**Data below**
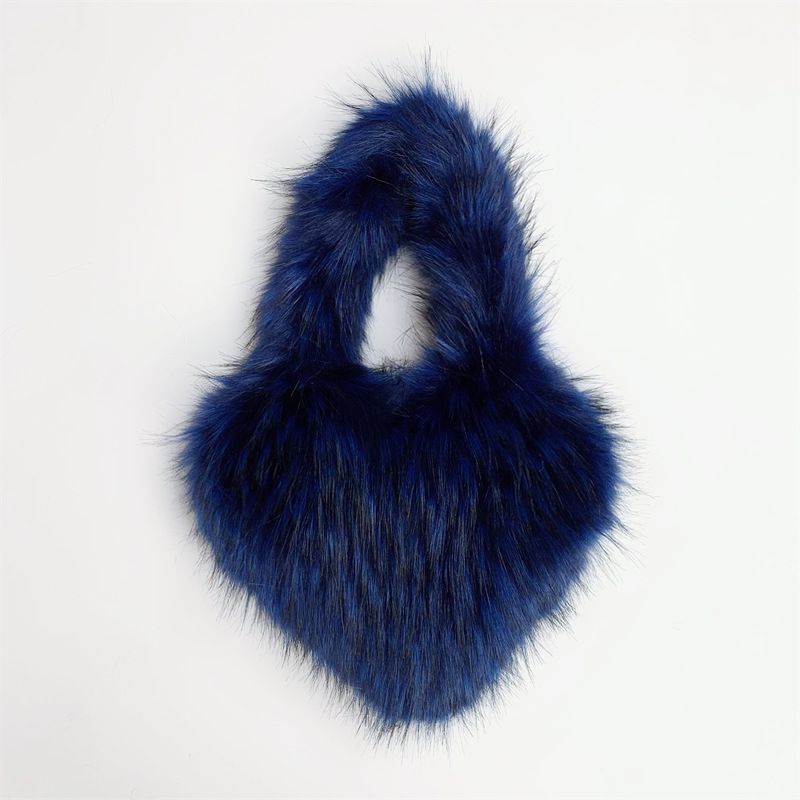 European And American Fashion New Love Bag Raccoon Fur Grass Plush Shell Bag Handbag_voghion.com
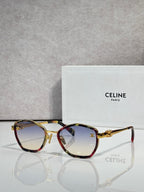 Celine sunglasses with round tortoiseshell frames and tinted lenses, gold-tone hardware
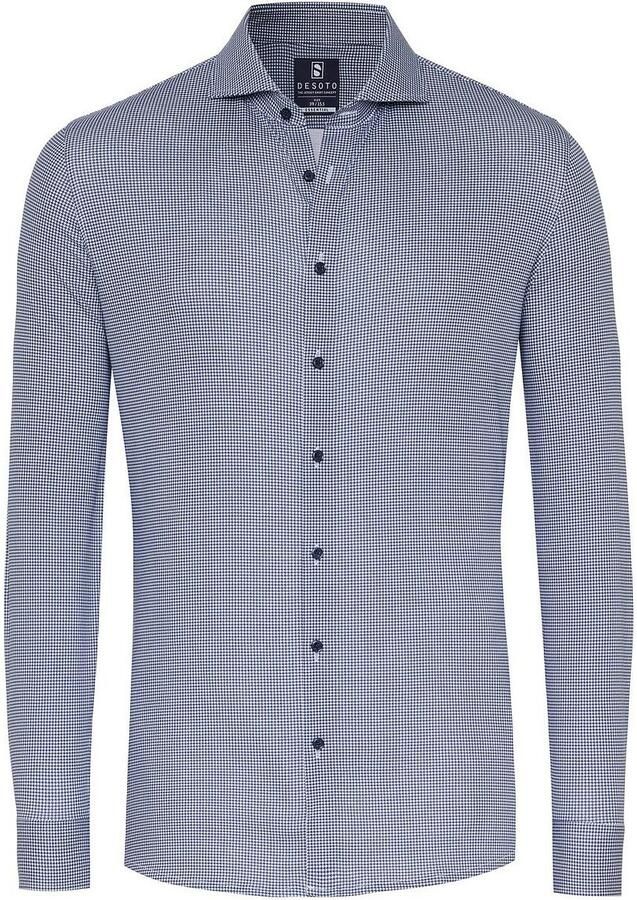 Desoto Overhemd Lange Mouw Essential Overhemd Hai Piqué Pied De Poule Blauw - Foto 3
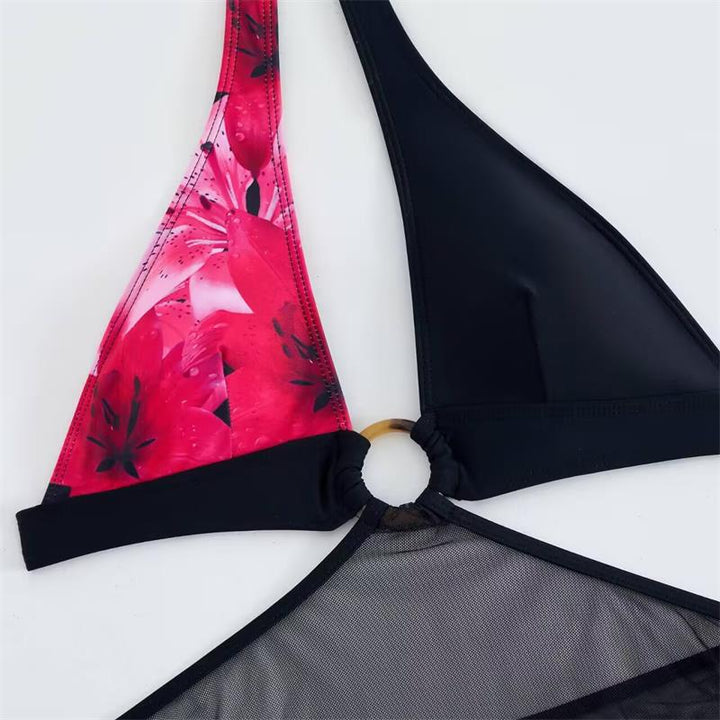 Damen Strandkleid mit modischem Wickeldesign und floralem Schnitt Echo Archiv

**Assignment**
Images should not appear in the copy; retype the listing above exactly.

**Result of this exercise**
 European And American Fashion New Love Bag Raccoon Fur Grass Plush Shell Bag Handbag_voghion.com
 Celine sunglasses with round tortoiseshell frames and tinted lenses, gold-tone hardware
 Desoto Overhemd Lange Mouw Essential Overhemd Hai Piqué Pied De Poule Blauw - Foto 3
 Damen Strandkleid mit modischem Wickeldesign und floralem Schnitt Echo Archiv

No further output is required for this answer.